前の年の6月、長野県松本市で発生したサリン事件の記憶はまだ新しかったが、この事件は冤罪事件として記憶され始めたものの、現実感のない事件であった。身近にこの事件で息子を亡くした同僚がいたことが、他の人よりは現実的な印象は残しながら……。

この年は、1月の阪神淡路の大震災で明け、経済も一向に明るさが見えない。そこに、このサリン事件だった。何か表現しがたい、恐ろしいことが、まだまだ続いて起きるのではないか、という恐怖が湧き上がってきた。さらに3月30日には警察庁長官が自宅前で狙撃される、という事件も追い討ちをかけた。
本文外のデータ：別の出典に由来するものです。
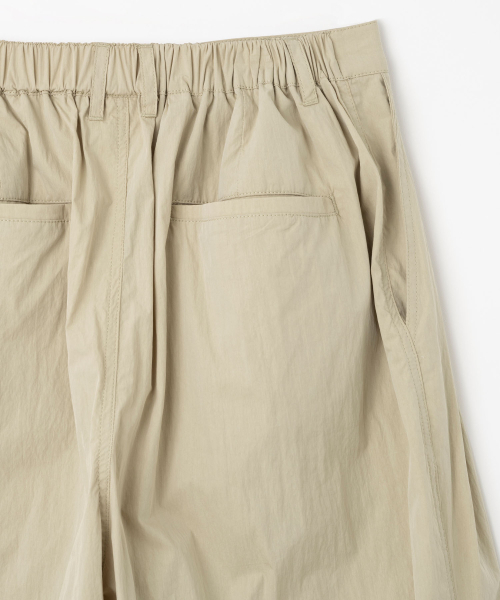 Millo Archive（ミロ アーカイブ）の「スリータックワイドチノパンツ[ベージュ]（その他パンツ・メンズ・その他・MEDIUM/LARGE）」の5枚目の写真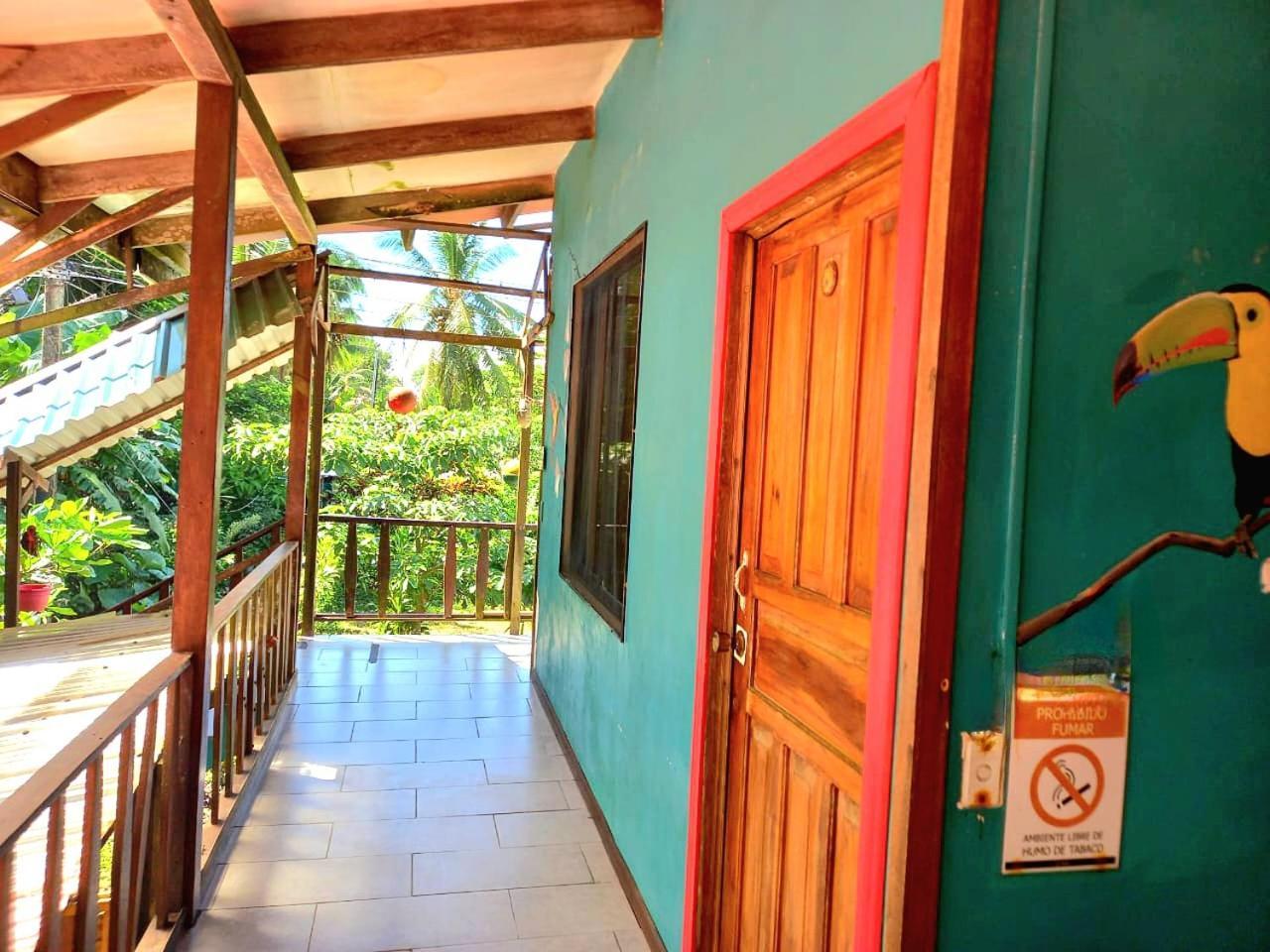 Tortuguero Adventures Beach House Экстерьер фото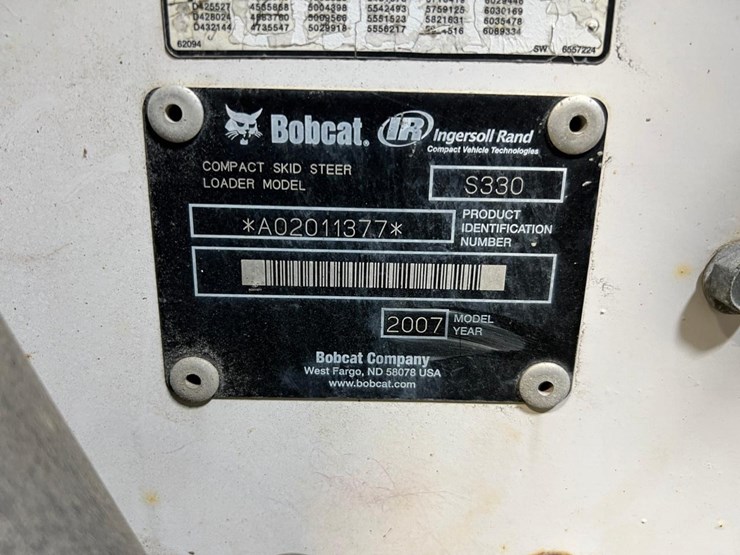 bobcat-s330-image-25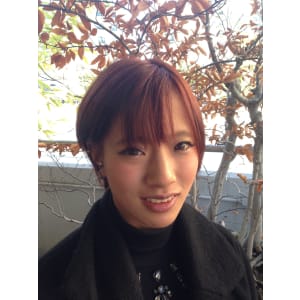 大人かわいいコケティッシュ耳かけボブ風マニッシュショート
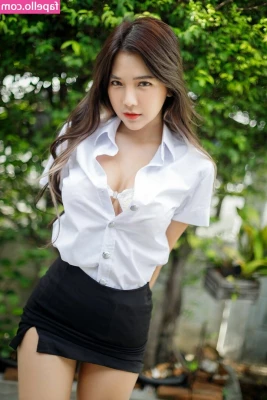 baibaifern - A little treat because week days suck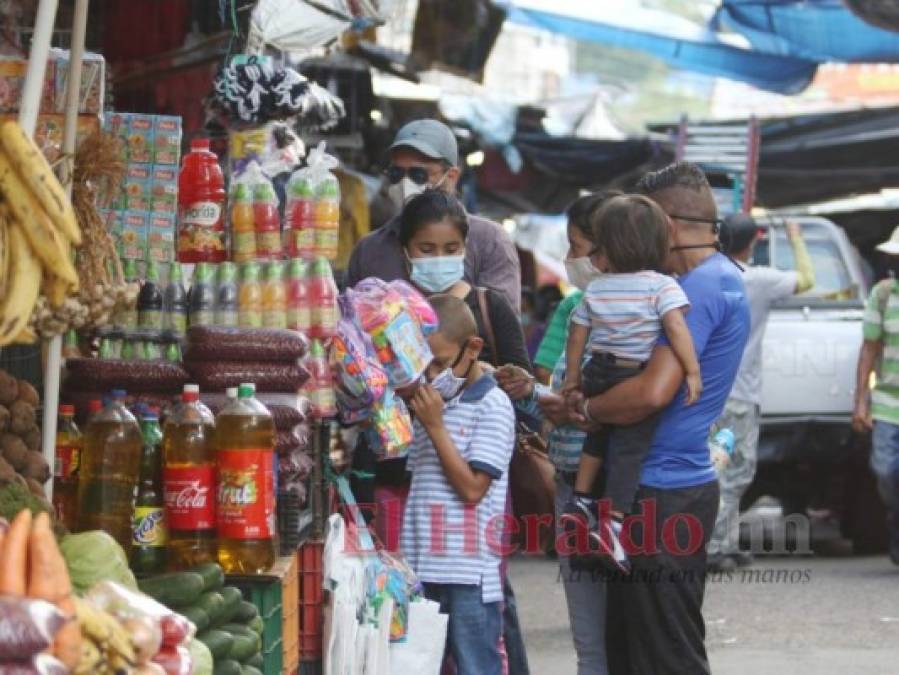 A excepción del uso de mascarilla, comercios de la capital viven peligrosa normalidad  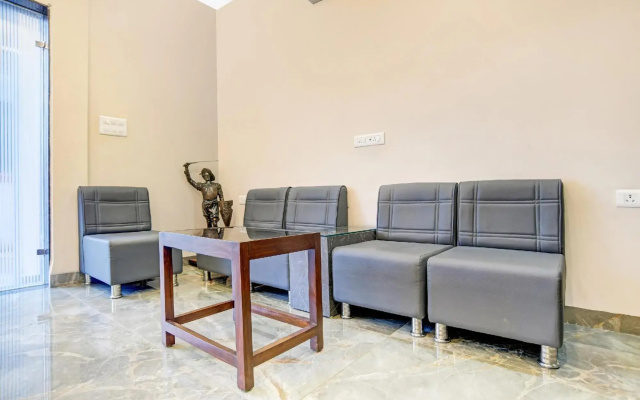 Super OYO Townhouse 479 Hotel Pine Tree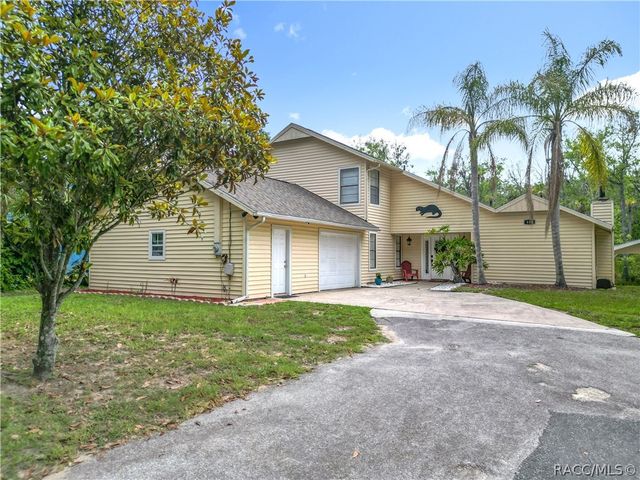857 N Palm Springs Terrace, Crystal River, FL 34429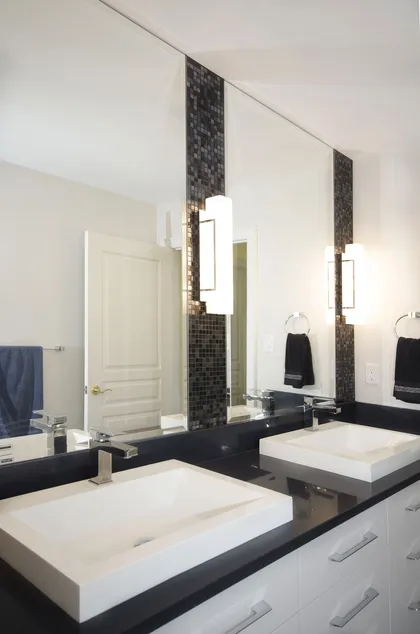 Two Kids Bathroom - Image 4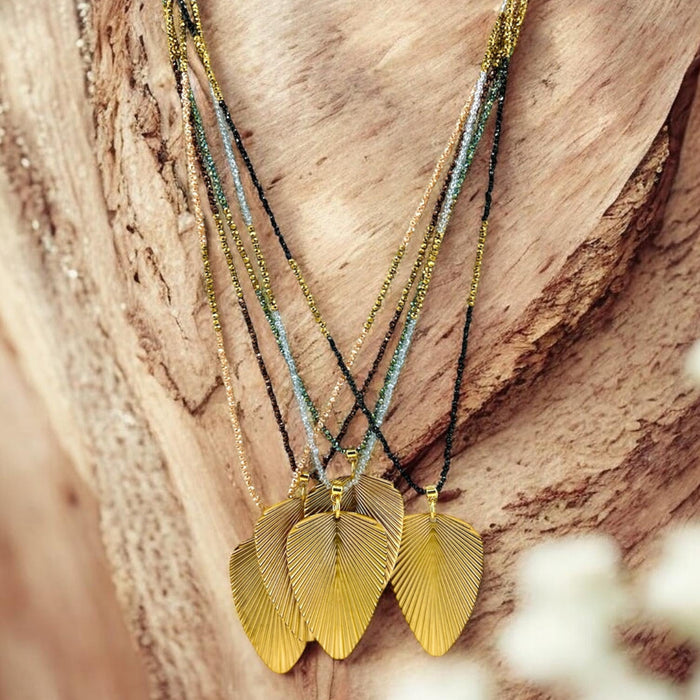 Collier doré Iris-perles de verre facettées et fermoir en T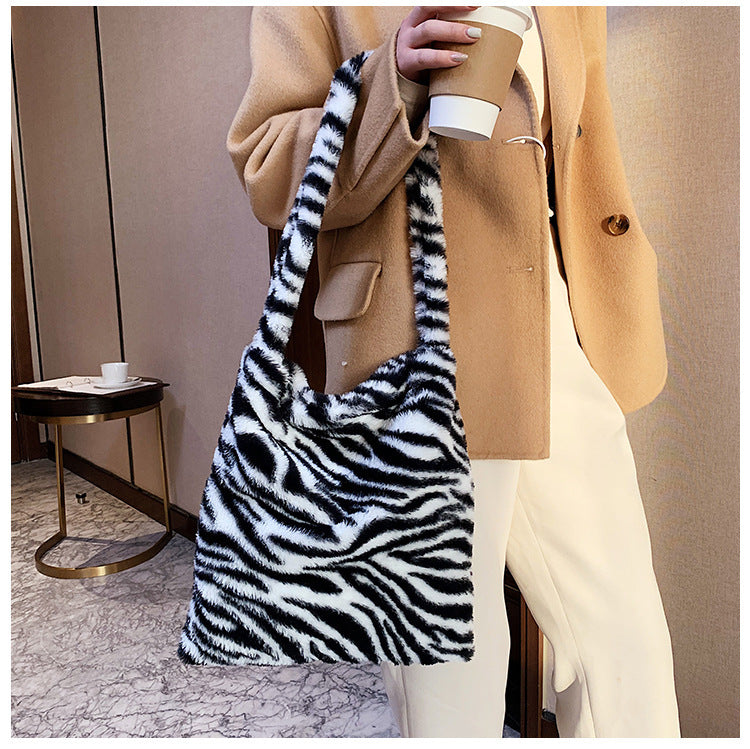 Women's Korean Style Large Capacity Fluffy Fashion Shoulder Bags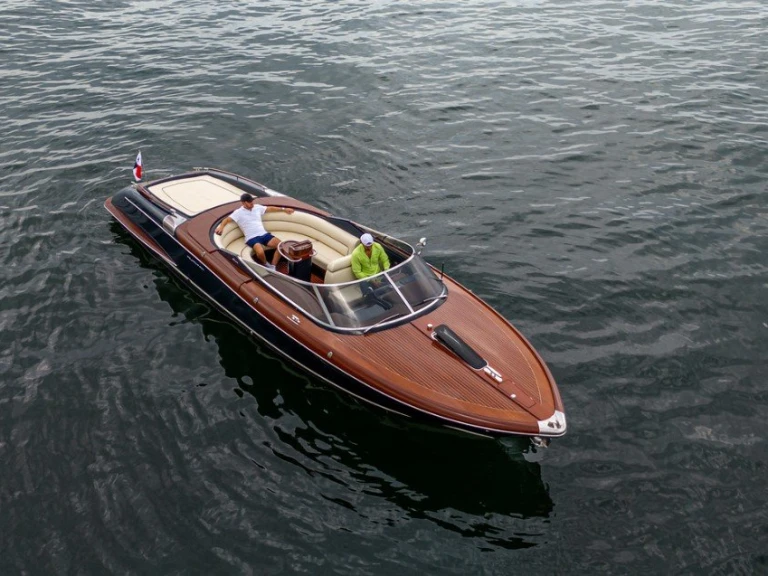 Bootverhuur Riviera 33' in Panama City Beach via SamBoat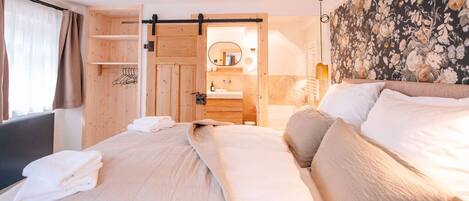 4 Schlafzimmer, Bügeleisen/Bügelbrett, Internetzugang, Bettwäsche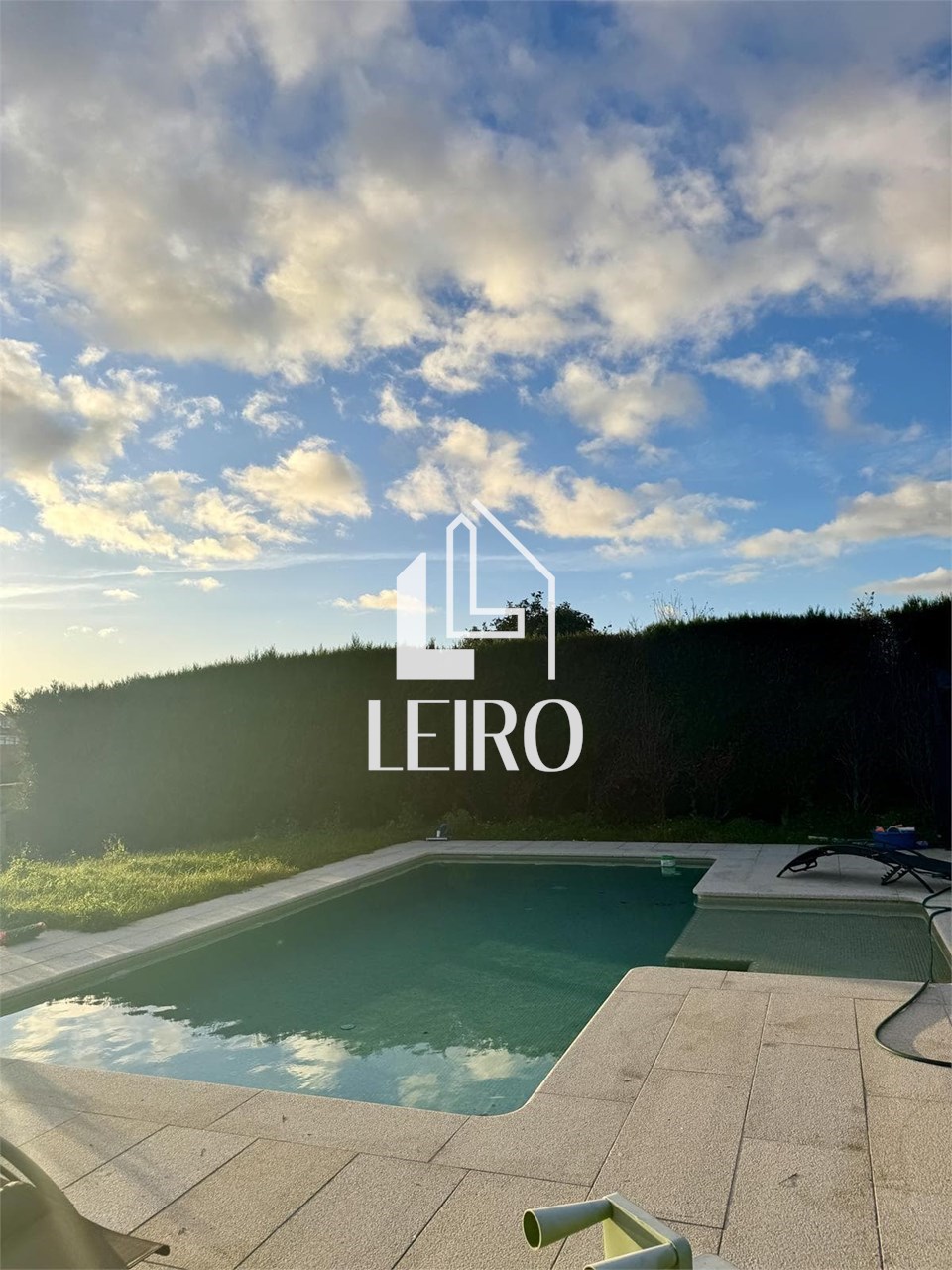 Foto 6 TERRENO EDIFCABLE CON PISCINA 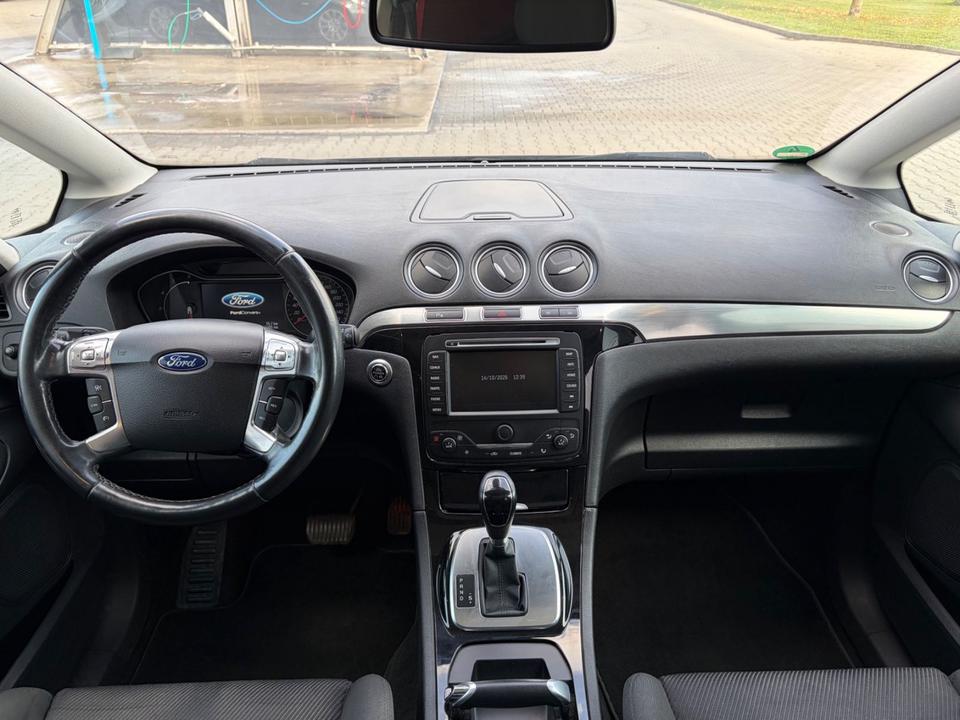 Ford S-Max 2014 — photo 19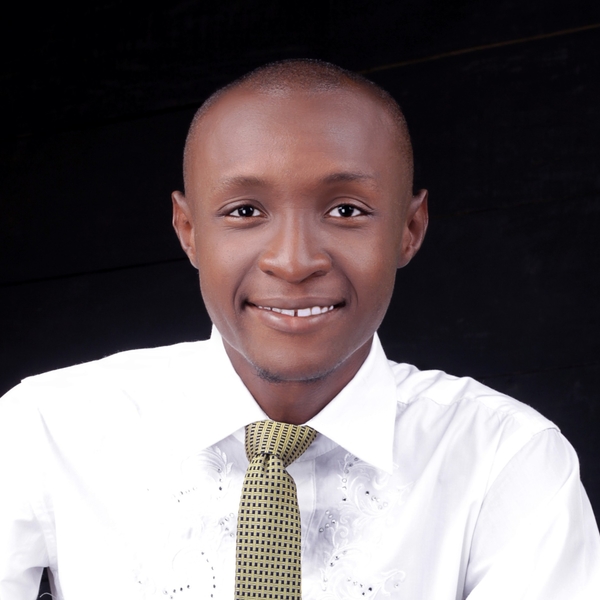 Pharmacy Student offering health courses up to University level in Enugu state.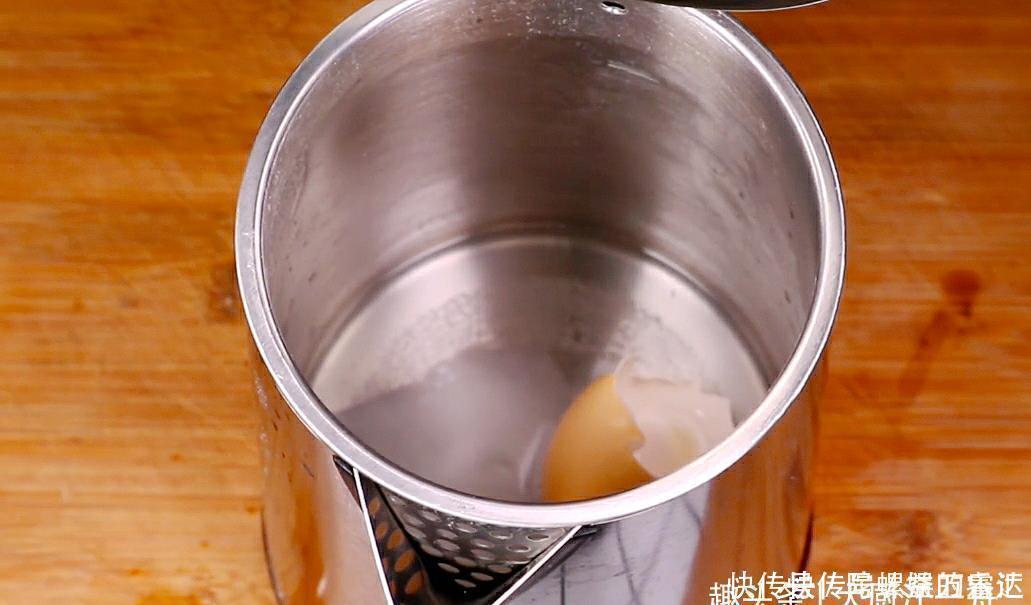 不管水壶水垢多厚,大厨教你一招,水垢快速去除,方便又卫生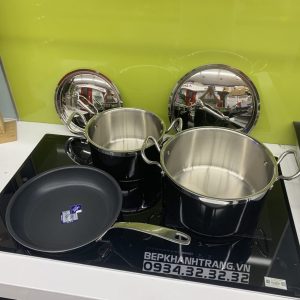 z3363324965974 7295ff5281f7f819ed4cd1d65fe3b278 scaled 1 - Bộ nồi chảo màu đỏ Hafele 531.08.042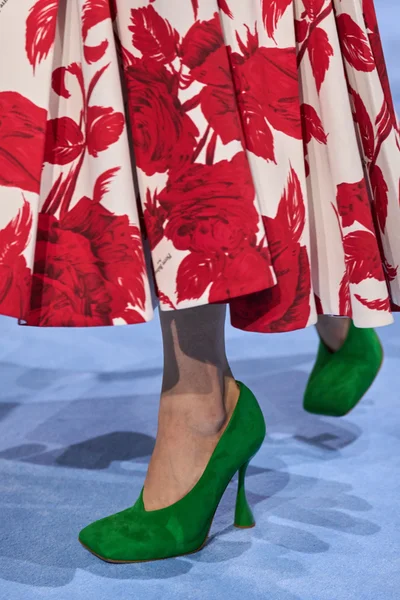 Look 57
オウムというオカルト集団にメスが入ったのは、地下鉄事件の2日後、警察庁長官狙撃は、オウムが犯行によって、オウムから目をそらさせようとしてのことだった。第6サティアンから教祖が引き出されのは、暑くなり始めた5月半ばのことだった。

40年余り前、「邪宗門」という小説が高橋和巳によって書かれた。戦前の大本教がモデルといわれ、国家権力の弾圧の前に、世直しの教義が示され、滅びていく、というものだったが、それとは異なる、現実にこの世に終末を呼び込もうとする邪宗を感じたものだった。

その後、ニューヨークでは01年の9・11事件。アル・カイーダという原理主義グループの犯行。宗教とは、人を救いもすれば、世界を破滅させることもある。そのことは、決して終わることのない現実なのだろう。